* _Problem description_: Return all the lines below exactly as written. Drop every picture.

* _Dataset_:

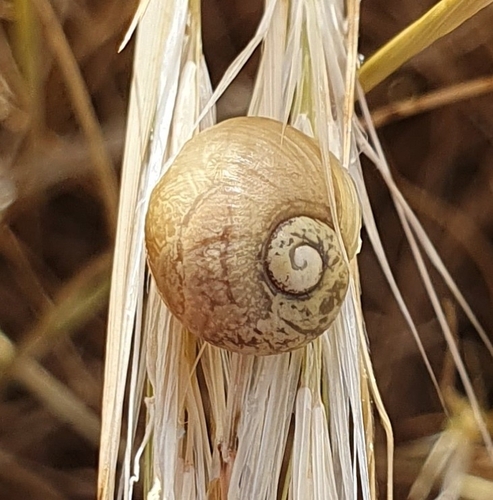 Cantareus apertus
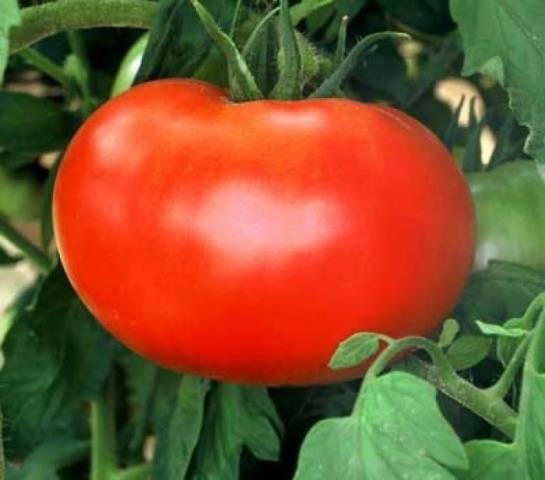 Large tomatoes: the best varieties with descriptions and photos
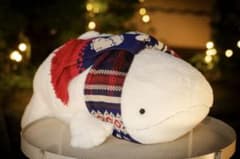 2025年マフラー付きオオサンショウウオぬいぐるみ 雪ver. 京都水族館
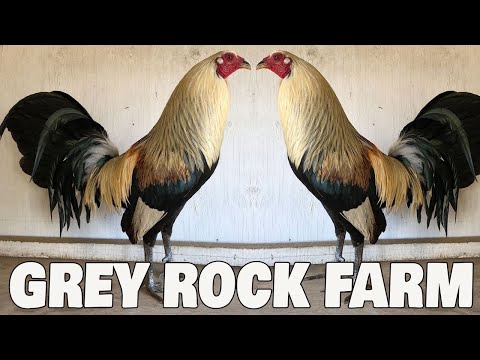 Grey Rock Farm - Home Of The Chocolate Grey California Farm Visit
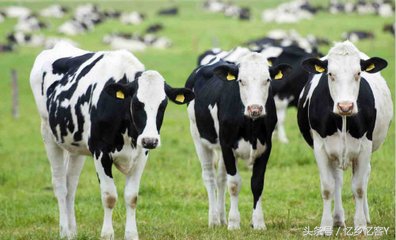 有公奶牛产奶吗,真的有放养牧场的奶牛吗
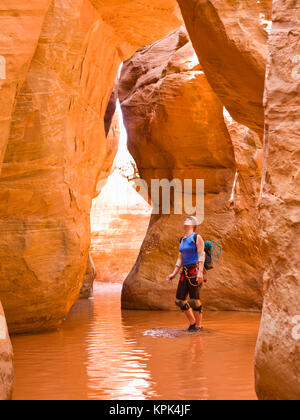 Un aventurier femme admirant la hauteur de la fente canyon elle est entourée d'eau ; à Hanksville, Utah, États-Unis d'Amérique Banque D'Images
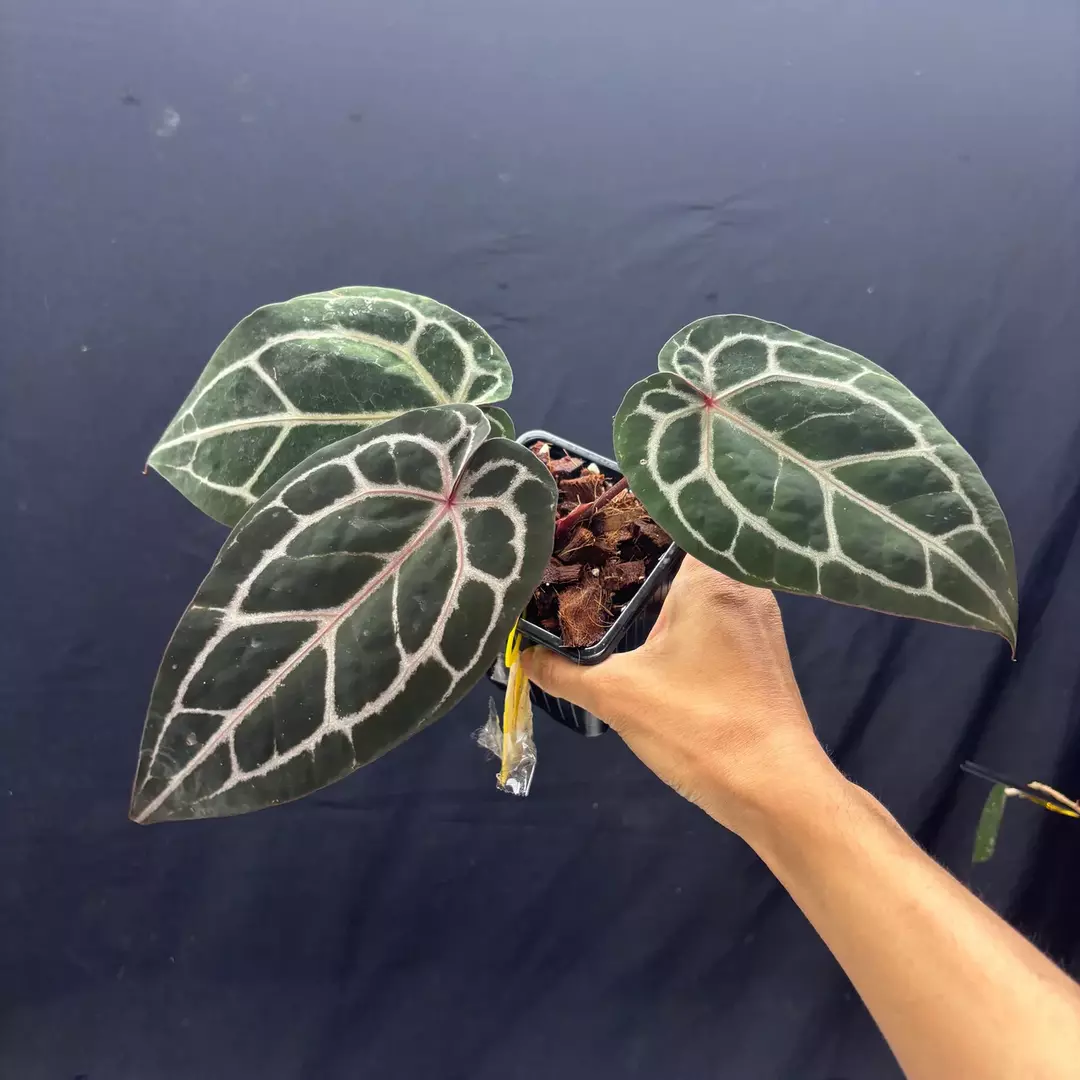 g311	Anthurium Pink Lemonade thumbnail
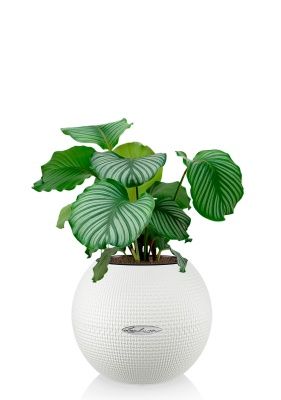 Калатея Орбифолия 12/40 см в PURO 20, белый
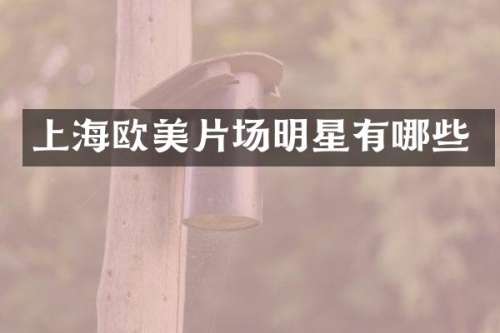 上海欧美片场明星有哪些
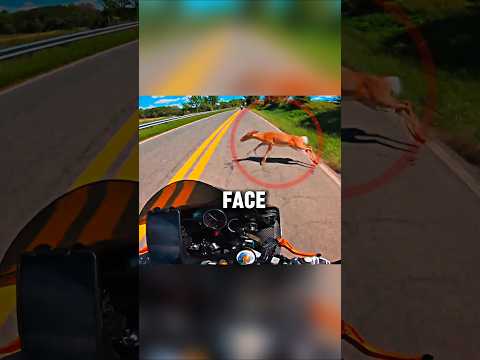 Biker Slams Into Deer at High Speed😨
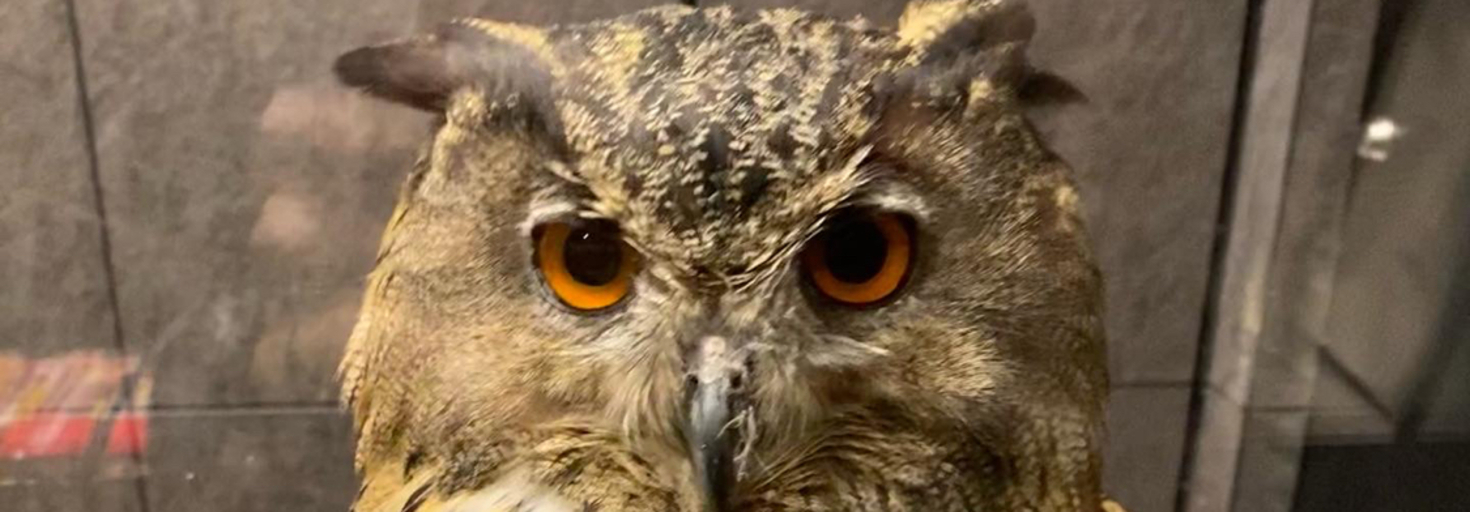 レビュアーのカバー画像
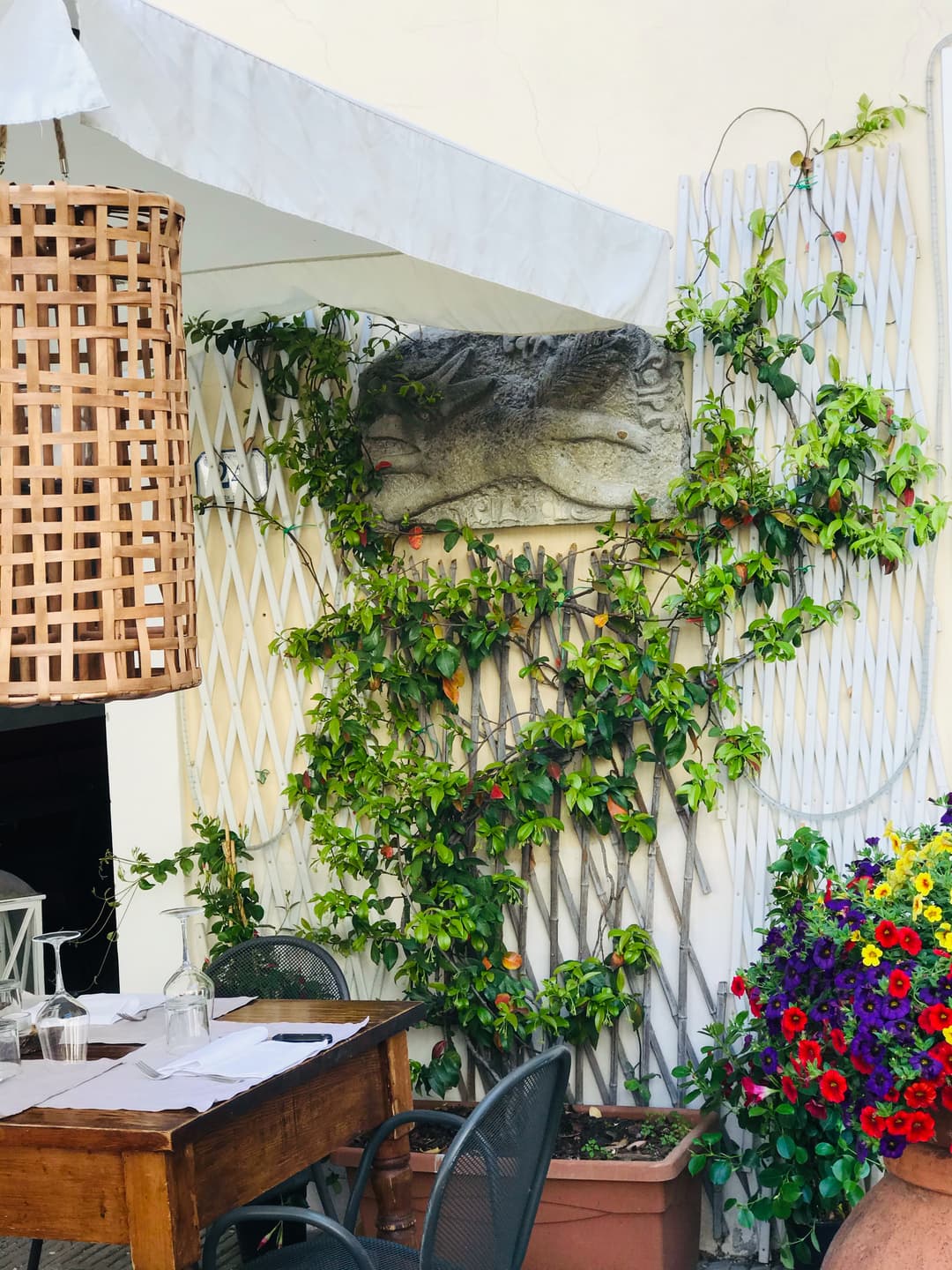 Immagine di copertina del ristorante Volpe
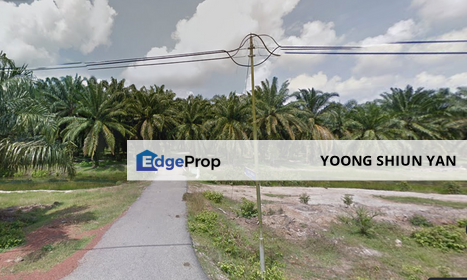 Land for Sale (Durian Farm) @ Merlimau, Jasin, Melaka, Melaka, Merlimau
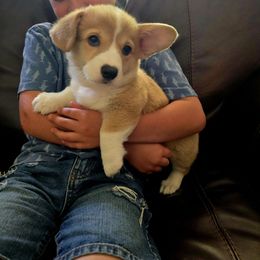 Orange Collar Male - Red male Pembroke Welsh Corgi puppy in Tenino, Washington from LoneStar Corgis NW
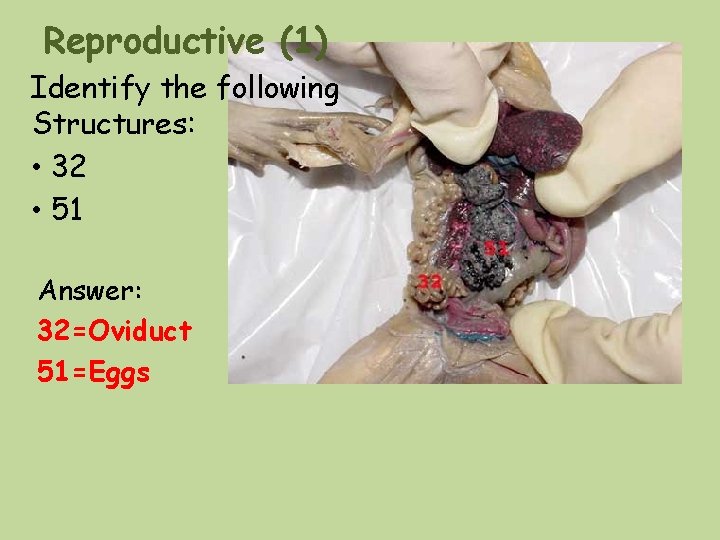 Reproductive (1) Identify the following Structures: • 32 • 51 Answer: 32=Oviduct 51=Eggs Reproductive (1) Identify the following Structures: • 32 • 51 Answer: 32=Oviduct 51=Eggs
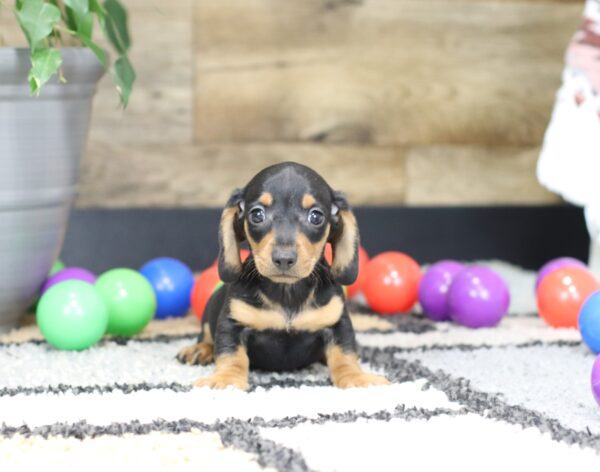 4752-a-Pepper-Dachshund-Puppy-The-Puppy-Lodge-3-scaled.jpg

* _Finished exercise_:
 Cantareus apertus
 Large tomatoes: the best varieties with descriptions and photos
 2025年マフラー付きオオサンショウウオぬいぐるみ 雪ver. 京都水族館
 Grey Rock Farm - Home Of The Chocolate Grey California Farm Visit
 有公奶牛产奶吗,真的有放养牧场的奶牛吗
 Un aventurier femme admirant la hauteur de la fente canyon elle est entourée d'eau ; à Hanksville, Utah, États-Unis d'Amérique Banque D'Images
 g311	Anthurium Pink Lemonade thumbnail
 Калатея Орбифолия 12/40 см в PURO 20, белый
 上海欧美片场明星有哪些
 Biker Slams Into Deer at High Speed😨
 レビュアーのカバー画像
 Immagine di copertina del ristorante Volpe
 Land for Sale (Durian Farm) @ Merlimau, Jasin, Melaka, Melaka, Merlimau
 Orange Collar Male - Red male Pembroke Welsh Corgi puppy in Tenino, Washington from LoneStar Corgis NW
 Reproductive (1) Identify the following Structures: • 32 • 51 Answer: 32=Oviduct 51=Eggs Reproductive (1) Identify the following Structures: • 32 • 51 Answer: 32=Oviduct 51=Eggs
 4752-a-Pepper-Dachshund-Puppy-The-Puppy-Lodge-3-scaled.jpg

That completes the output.